Start of EXERCISE MATERIALS

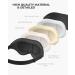 NIMOOD 3D Sleep Mask for Women and Men - Adjustable Strap, 100% Light Blocking, Breathable Blindfold for Side Sleepers - Buy Online on GoSupps.com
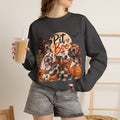 Pit Boo Halloween Sweatshirt — Cute Pitbulls Pumpkin Witch Graphic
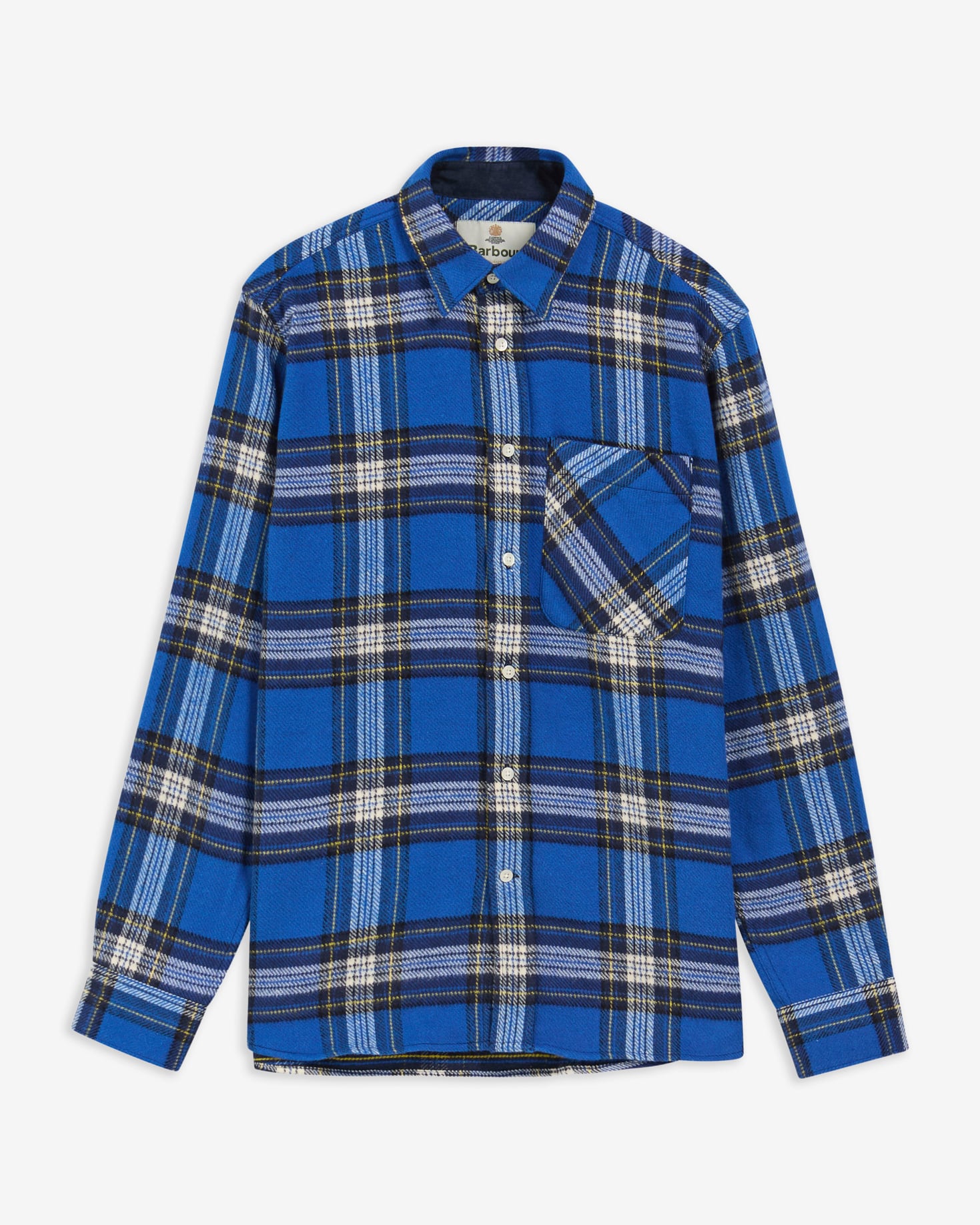 Bowmonth Authentic-Fit Long-Sleeved Shirt Blue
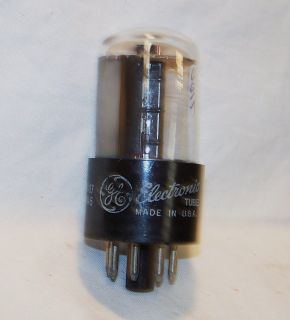  General Electric 6AH4GT radio vacuum tube tested great short profile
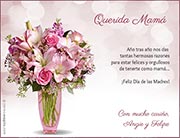 Tarjeta de Da de la Madre personalizable. Flores para ti, 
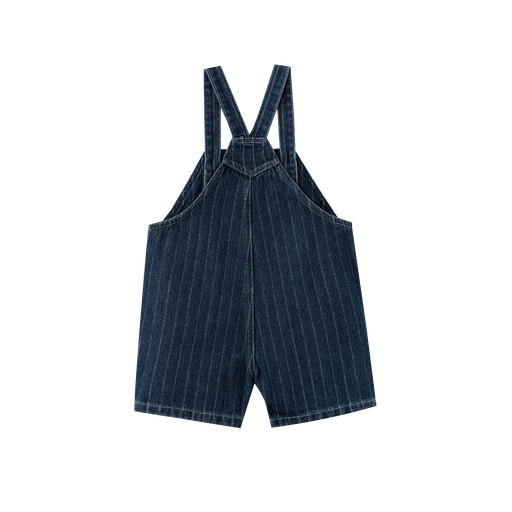 striped shortall - denim striped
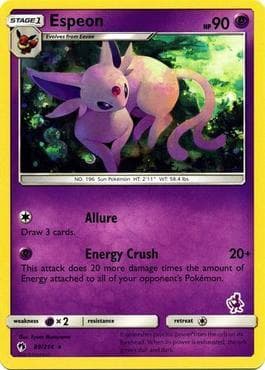 Espeon 02/17 — Battle Academy Box Set 2020 - Mewtwo Deck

End of EXERCISE MATERIALS

ASSIGNMENT: All of the material above goes into the copy exactly as is; the pictures do not.

TASK RESULT:
 NIMOOD 3D Sleep Mask for Women and Men - Adjustable Strap, 100% Light Blocking, Breathable Blindfold for Side Sleepers - Buy Online on GoSupps.com
 Pit Boo Halloween Sweatshirt — Cute Pitbulls Pumpkin Witch Graphic
 Bowmonth Authentic-Fit Long-Sleeved Shirt Blue
  General Electric 6AH4GT radio vacuum tube tested great short profile
 Tarjeta de Da de la Madre personalizable. Flores para ti, 
 striped shortall - denim striped
 Espeon 02/17 — Battle Academy Box Set 2020 - Mewtwo Deck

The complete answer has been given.